Iranian Parliament Speaker Ali Larijani said the Syrian crisis can only be soothed through national dialogue involving all groups in Syria, and warned that foreign meddling and terrorist groups operating in Syria would worsen and complicate the situation in the country.
Larijani made the remarks in a meeting with Syria’s National Reconciliation Minister Ali Heydar here in Tehran on Sunday, a report by the Iranian state-run TV said.
At the meeting, Larijani stressed that settlement of the Syrian crisis is only possible through a national dialogue involving all the various groups in Syria.
“Foreign intervention and sending of arms and money to various terrorist groups operating in Syria will only make the situation worse in that country,” he added.
In further remarks, Larijani referred to major world powers and the Zionist regime of Israel plotting against the Syrian government, and he assured his Syrian guest that the Islamic republic of Iran is staunchly standing by the people and government of Syria, offering them its full support.
Larijani said actions of various regional countries against Syria is wrong, misguided and regrettable, and that insecurity in Syria will have serious repercussions for the peoples of this region.
Syria has been experiencing unrest since March 2011 with organized attacks by well-armed gangs against Syrian police forces and border guards being reported across the country.
In October, calm was eventually restored in the Arab state after President Assad started a reform initiative in the country, but Israel, the US and its Arab allies are seeking hard to bring the country into chaos through any possible means.
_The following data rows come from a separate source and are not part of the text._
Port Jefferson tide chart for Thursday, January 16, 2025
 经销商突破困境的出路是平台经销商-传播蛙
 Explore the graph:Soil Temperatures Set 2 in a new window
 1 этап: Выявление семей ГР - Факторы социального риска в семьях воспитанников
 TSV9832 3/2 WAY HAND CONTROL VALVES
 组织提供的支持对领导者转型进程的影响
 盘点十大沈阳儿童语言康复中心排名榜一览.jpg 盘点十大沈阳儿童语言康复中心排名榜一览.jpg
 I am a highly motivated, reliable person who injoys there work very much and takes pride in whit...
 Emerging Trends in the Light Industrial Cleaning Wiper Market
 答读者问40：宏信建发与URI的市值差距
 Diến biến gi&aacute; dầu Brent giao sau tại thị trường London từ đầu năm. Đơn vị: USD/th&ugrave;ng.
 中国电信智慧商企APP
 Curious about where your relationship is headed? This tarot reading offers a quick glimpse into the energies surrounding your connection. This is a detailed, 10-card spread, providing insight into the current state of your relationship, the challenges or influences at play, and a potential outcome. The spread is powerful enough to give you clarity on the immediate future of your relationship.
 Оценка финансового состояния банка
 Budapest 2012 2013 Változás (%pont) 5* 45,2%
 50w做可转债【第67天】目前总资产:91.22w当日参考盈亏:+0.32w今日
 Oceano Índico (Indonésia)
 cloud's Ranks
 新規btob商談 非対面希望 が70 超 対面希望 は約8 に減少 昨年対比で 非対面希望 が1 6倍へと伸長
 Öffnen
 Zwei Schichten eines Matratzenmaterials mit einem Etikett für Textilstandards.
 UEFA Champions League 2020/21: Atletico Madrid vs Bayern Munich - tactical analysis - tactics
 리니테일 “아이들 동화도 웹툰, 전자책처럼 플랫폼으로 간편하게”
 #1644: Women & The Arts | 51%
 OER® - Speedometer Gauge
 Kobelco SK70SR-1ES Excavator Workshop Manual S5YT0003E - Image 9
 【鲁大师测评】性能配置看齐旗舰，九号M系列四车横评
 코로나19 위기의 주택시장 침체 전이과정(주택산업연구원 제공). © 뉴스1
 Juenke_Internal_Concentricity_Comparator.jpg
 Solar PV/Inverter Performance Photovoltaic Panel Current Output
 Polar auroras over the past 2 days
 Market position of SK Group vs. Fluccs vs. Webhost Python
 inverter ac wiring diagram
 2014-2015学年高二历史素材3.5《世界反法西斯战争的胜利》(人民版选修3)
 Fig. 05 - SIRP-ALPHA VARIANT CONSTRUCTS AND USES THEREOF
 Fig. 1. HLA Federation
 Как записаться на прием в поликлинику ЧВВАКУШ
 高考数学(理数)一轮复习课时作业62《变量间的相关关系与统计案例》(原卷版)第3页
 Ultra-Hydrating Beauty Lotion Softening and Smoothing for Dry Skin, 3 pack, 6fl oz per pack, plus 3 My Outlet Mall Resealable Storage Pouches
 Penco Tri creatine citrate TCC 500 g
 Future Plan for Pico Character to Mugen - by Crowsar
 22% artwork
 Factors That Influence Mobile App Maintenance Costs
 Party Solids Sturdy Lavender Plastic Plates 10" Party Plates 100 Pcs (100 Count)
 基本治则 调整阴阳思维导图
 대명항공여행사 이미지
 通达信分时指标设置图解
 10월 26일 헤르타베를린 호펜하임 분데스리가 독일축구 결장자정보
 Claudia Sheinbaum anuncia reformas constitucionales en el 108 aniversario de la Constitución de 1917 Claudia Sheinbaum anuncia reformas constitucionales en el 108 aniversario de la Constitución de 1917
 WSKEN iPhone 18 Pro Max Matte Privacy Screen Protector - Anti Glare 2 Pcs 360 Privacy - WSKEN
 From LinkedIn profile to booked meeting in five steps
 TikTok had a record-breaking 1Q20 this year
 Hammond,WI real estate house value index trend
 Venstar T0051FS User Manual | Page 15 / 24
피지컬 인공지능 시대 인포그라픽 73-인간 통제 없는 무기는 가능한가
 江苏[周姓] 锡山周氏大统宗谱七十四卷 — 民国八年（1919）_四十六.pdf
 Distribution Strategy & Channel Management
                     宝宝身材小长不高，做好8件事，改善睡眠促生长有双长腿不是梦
Tel Aviv, Ankara, Washington and some Arab capitals have been staging various plots in the hope of stirring unrests in Syria once again.
The US and its western and regional allies have long sought to topple Bashar al-Assad and his ruling system. Media reports said that the Syrian rebels and terrorist groups have received significantly more and better weapons in recent weeks, a crime paid for by the Persian Gulf Arab states and coordinated by the United States.